▸ What is required: With the images removed, repeat the data below exactly.

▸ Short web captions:
—————

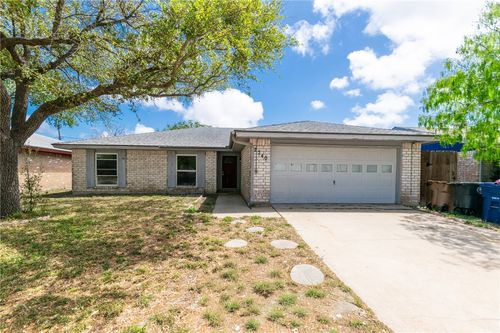 2240 Lombardy Dr, Corpus Christi, TX, 78418-4615 | Card Image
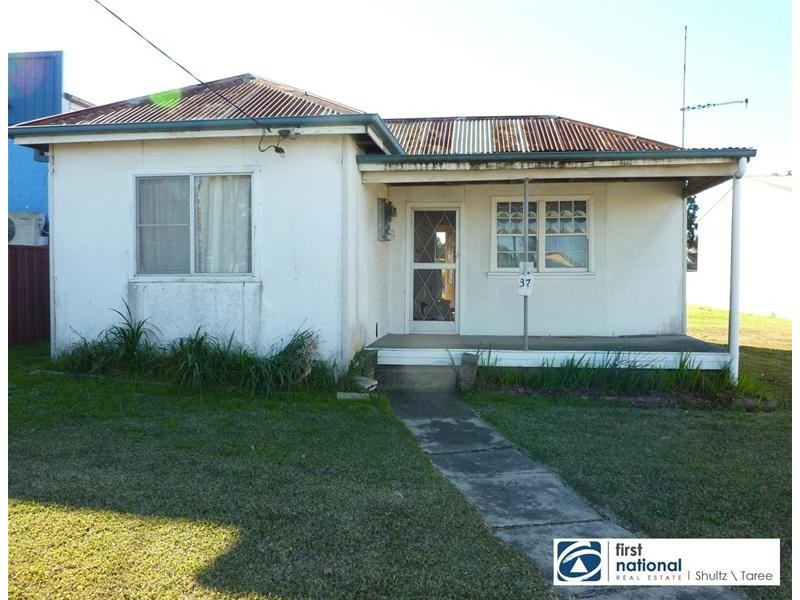 37 Muldoon Street, Taree NSW 2430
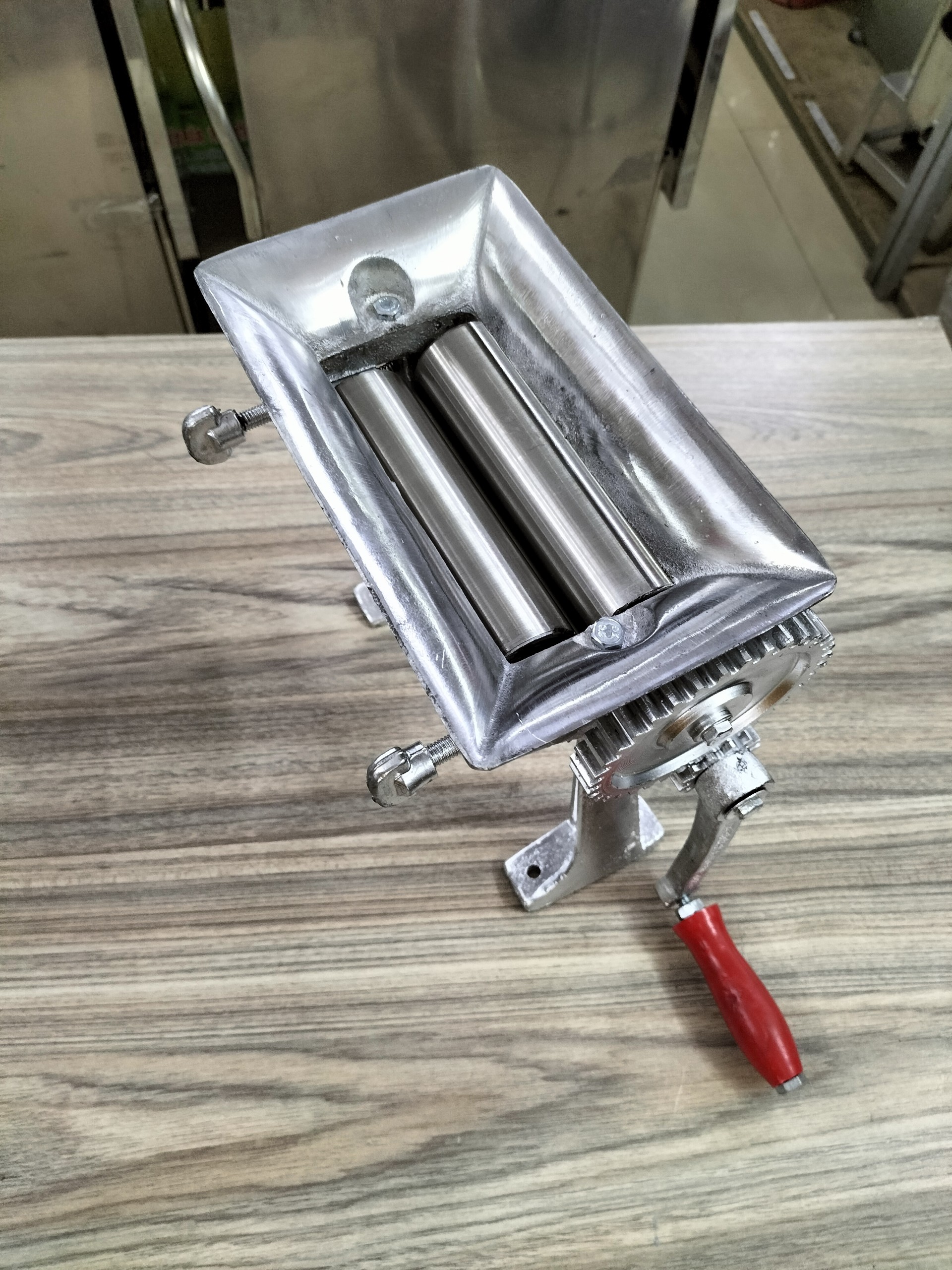 [HCM]Máy cán khô mực trục inox dài 140mm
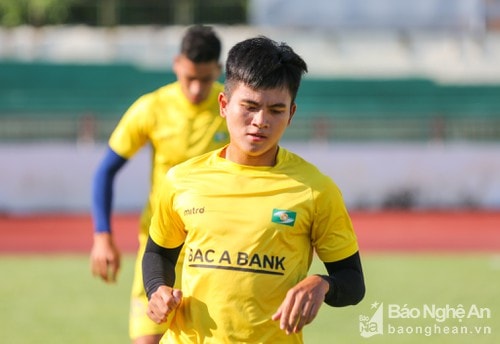 Thái Bá Sang là trụ cột của U21 SLNA tại vòng loại U21 QG 2020. Ảnh tư liệu Đức Anh  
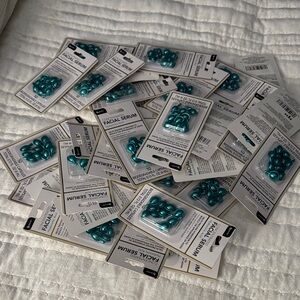 Hyaluronic Acid Facial Serum Capsules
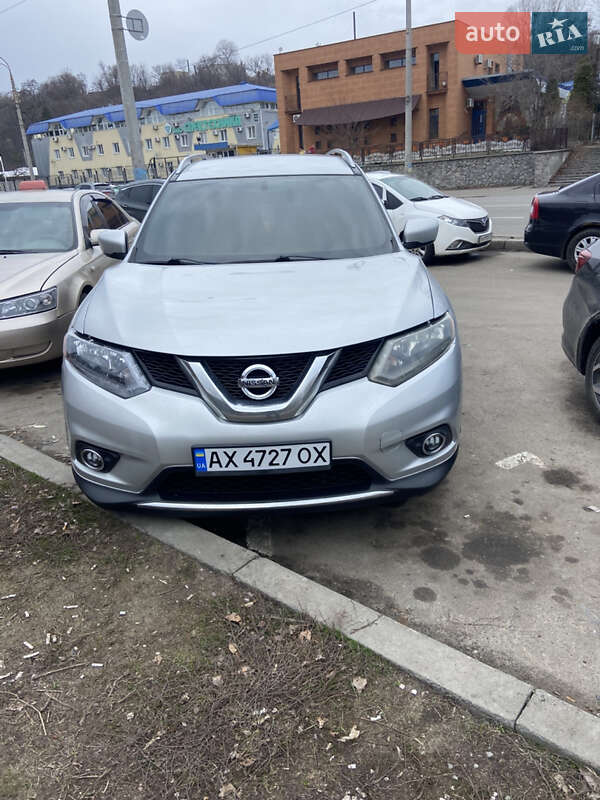 Внедорожник / Кроссовер Nissan Rogue 2016 в Харькове
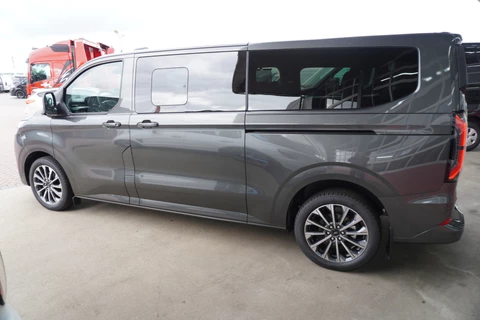 Ford Transit Custom 340L 2.5 PHEV 233PK L2H1 Titanium X 8 Persoons PHEV Automaat nr.V099 | Hybride | Airco | Adap. Cruise | Navi | Pano | 360 Camera | Elek.Schuifdeur L+R | Incl BPM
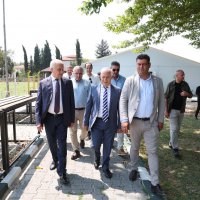 Büyükşehir, Mustafakemalpaşa İlçe Stadı’nı sil baştan yeniledi 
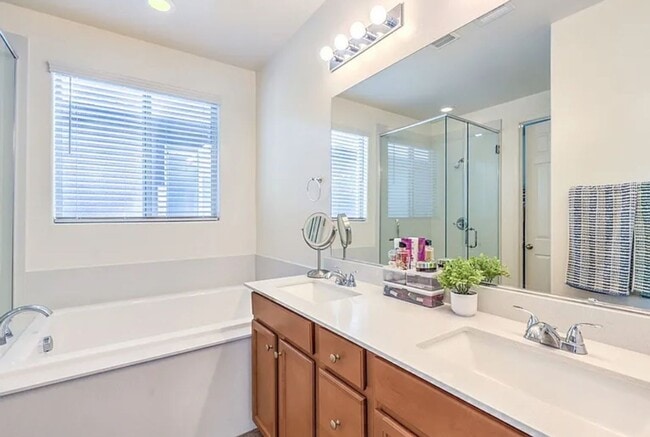 Building Photo - Summerlin Stunner- Spacious Backyard, Stri...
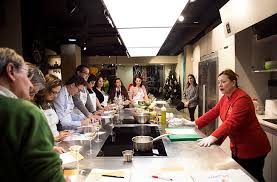La escuela de cocina azafrán, se ha convertido poco a poco y con paso firme, en una brillante realidad en el panorama gastronómico aragonés, con proyección externa a poco que sus promotores se lo propongan. Eres Un Negado En La Cocina Esto Te Interesa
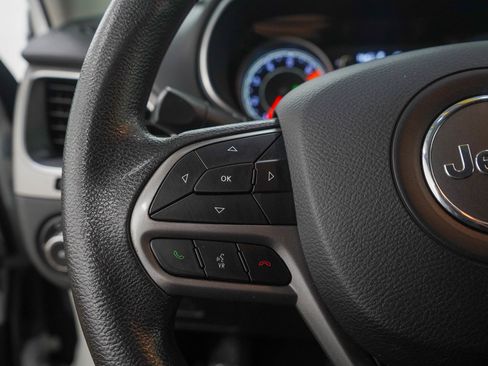 Used 2019 Jeep Cherokee Latitude w/ Popular Appearance Group FWD image 24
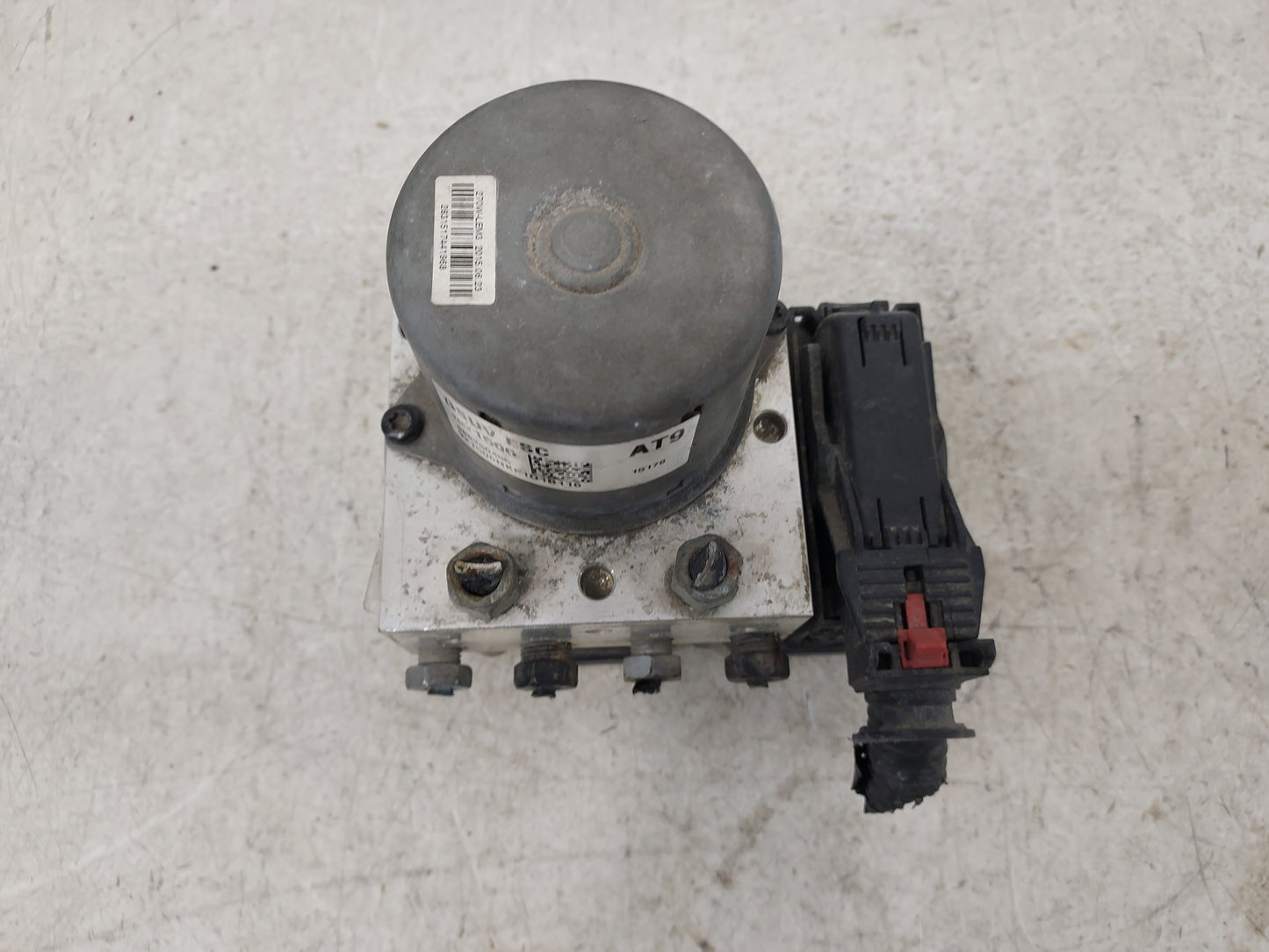 2015 Chevrolet Trax ABS Pump Control Module Replacement P/N:688250455 94541506 Fits OEM Used Auto Parts - Oemusedautoparts1.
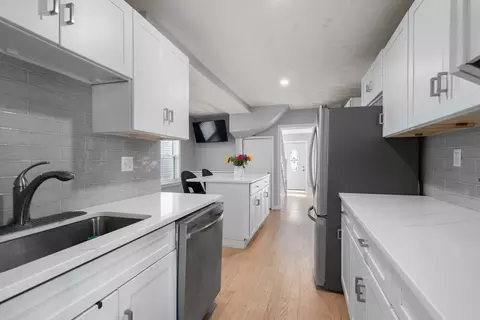 Entry Way - 2 Webster St, Lynn, MA 01902 photo 3 of 9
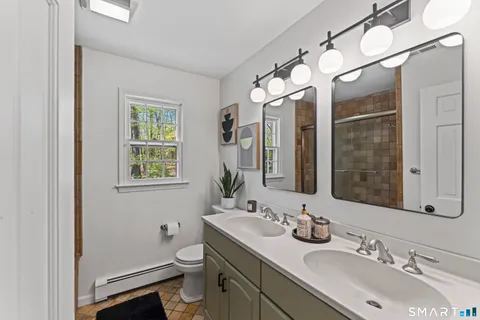 $750,000 | 7 Arapaho Road, Brookfield, CT 06804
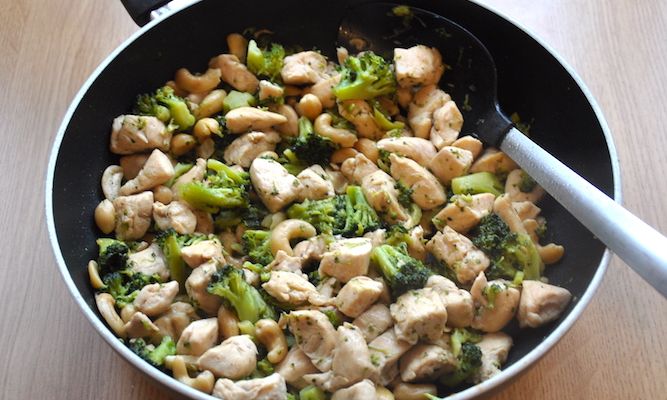 Pollo con broccoli e anacardi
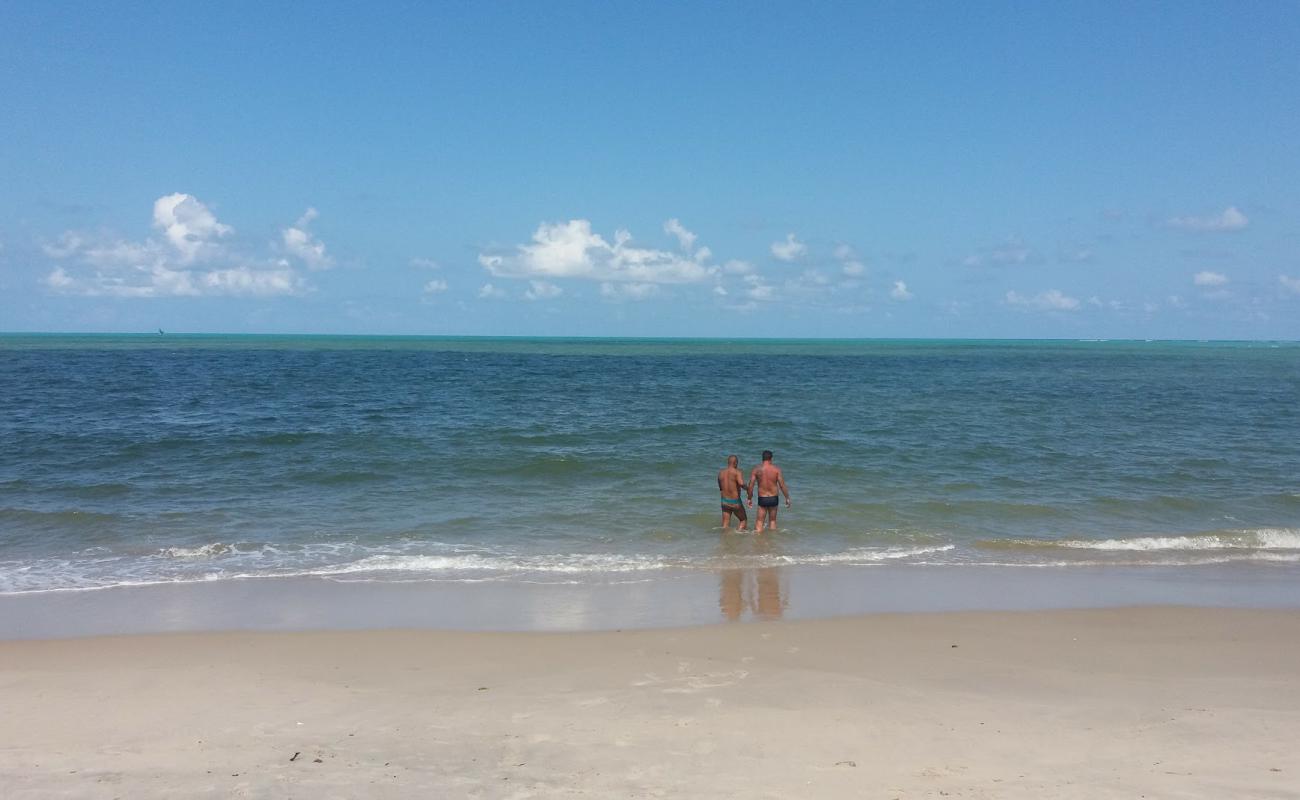 Photo de Praia da Croa avec sable lumineux de surface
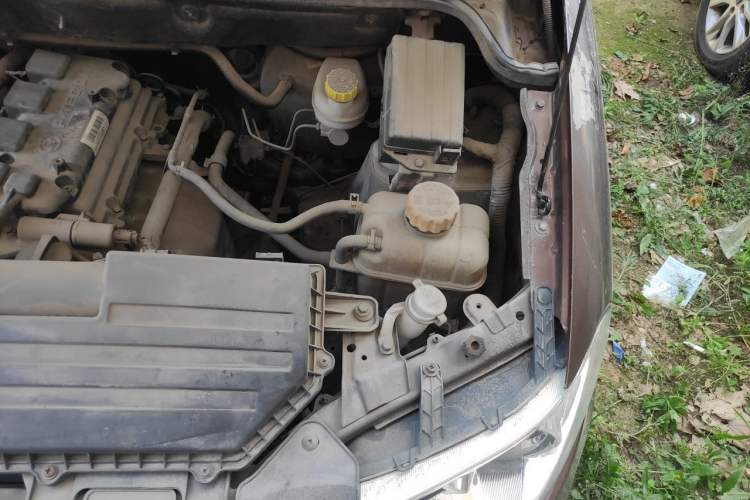 Used Wuling Hongguang 2018 1.5L Classic S Base Model Engine Bay Left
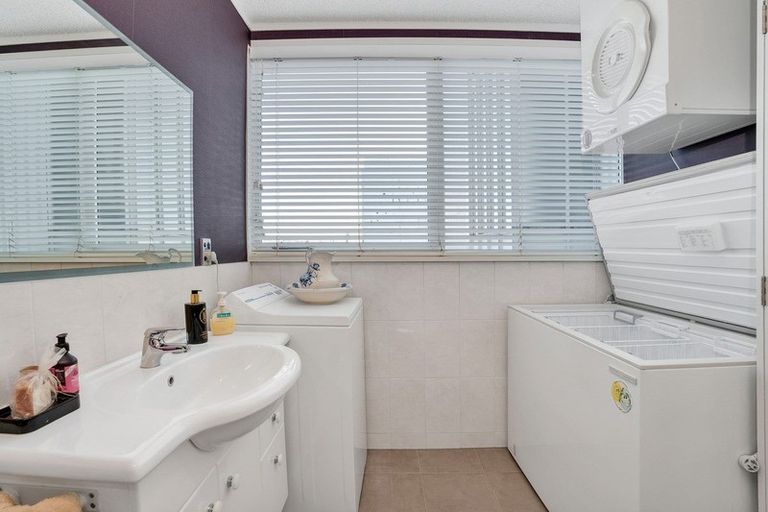 Photo of property in Elizabeth Height Apartments, 8 Elizabeth Street, Tauranga, 3110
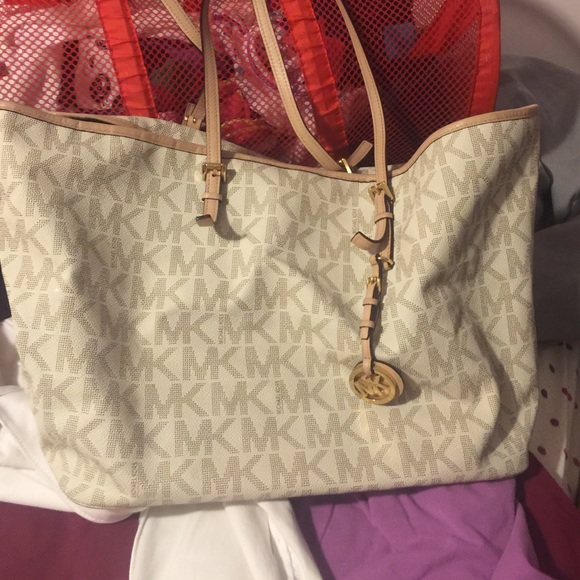 Mk jet set white logo *HOLD TIL FRIDAY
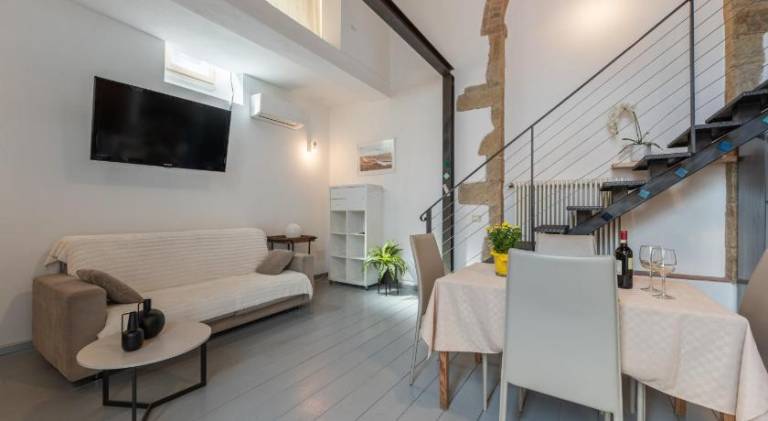 Pleasant house with pool, barbecue & yard | Pets allowed — photo 4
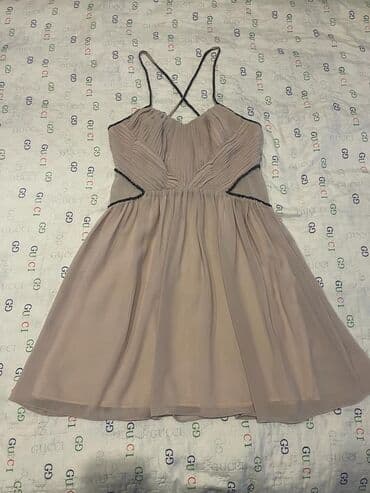 Don Coast brandin
Платье бренда Coast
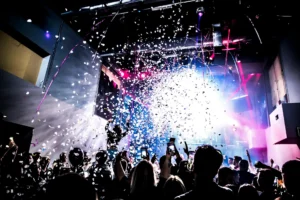 Eine Party, bei der Konfetti durch die Luft fliegt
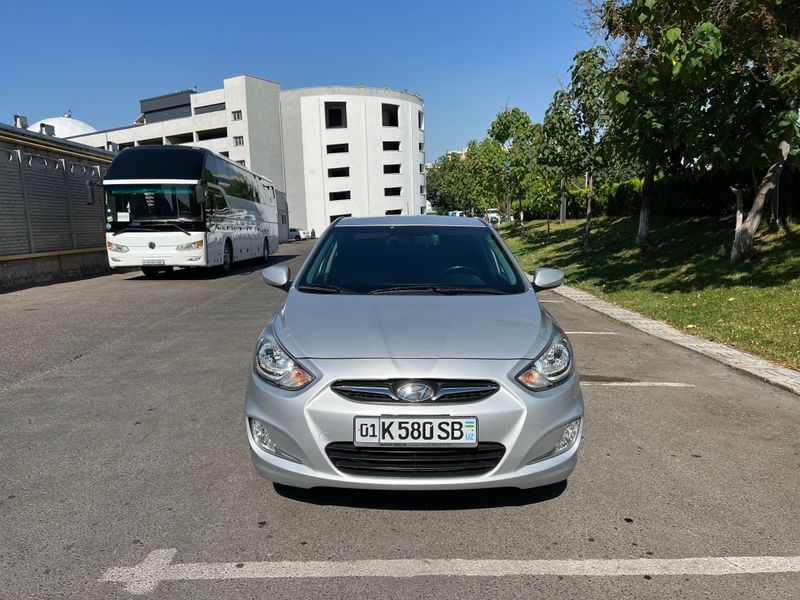 Продам HYUNDAI ACCENT 1,4L 2014 Продам HYUNDAI ACCENT 1,4L 2014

—————

▸ Exercise solution:
 2240 Lombardy Dr, Corpus Christi, TX, 78418-4615 | Card Image
 37 Muldoon Street, Taree NSW 2430
 [HCM]Máy cán khô mực trục inox dài 140mm
 Thái Bá Sang là trụ cột của U21 SLNA tại vòng loại U21 QG 2020. Ảnh tư liệu Đức Anh  
 Hyaluronic Acid Facial Serum Capsules
 Внедорожник / Кроссовер Nissan Rogue 2016 в Харькове
 Ford Transit Custom 340L 2.5 PHEV 233PK L2H1 Titanium X 8 Persoons PHEV Automaat nr.V099 | Hybride | Airco | Adap. Cruise | Navi | Pano | 360 Camera | Elek.Schuifdeur L+R | Incl BPM
 Büyükşehir, Mustafakemalpaşa İlçe Stadı’nı sil baştan yeniledi 
 Building Photo - Summerlin Stunner- Spacious Backyard, Stri...
La escuela de cocina azafrán, se ha convertido poco a poco y con paso firme, en una brillante realidad en el panorama gastronómico aragonés, con proyección externa a poco que sus promotores se lo propongan. Eres Un Negado En La Cocina Esto Te Interesa
 Used 2019 Jeep Cherokee Latitude w/ Popular Appearance Group FWD image 24
 2015 Chevrolet Trax ABS Pump Control Module Replacement P/N:688250455 94541506 Fits OEM Used Auto Parts - Oemusedautoparts1.
 Entry Way - 2 Webster St, Lynn, MA 01902 photo 3 of 9
 $750,000 | 7 Arapaho Road, Brookfield, CT 06804
 Pollo con broccoli e anacardi
 Photo de Praia da Croa avec sable lumineux de surface
 Used Wuling Hongguang 2018 1.5L Classic S Base Model Engine Bay Left
 Photo of property in Elizabeth Height Apartments, 8 Elizabeth Street, Tauranga, 3110
 Mk jet set white logo *HOLD TIL FRIDAY
 Pleasant house with pool, barbecue & yard | Pets allowed — photo 4
 Don Coast brandin
Платье бренда Coast
 Eine Party, bei der Konfetti durch die Luft fliegt
 Продам HYUNDAI ACCENT 1,4L 2014 Продам HYUNDAI ACCENT 1,4L 2014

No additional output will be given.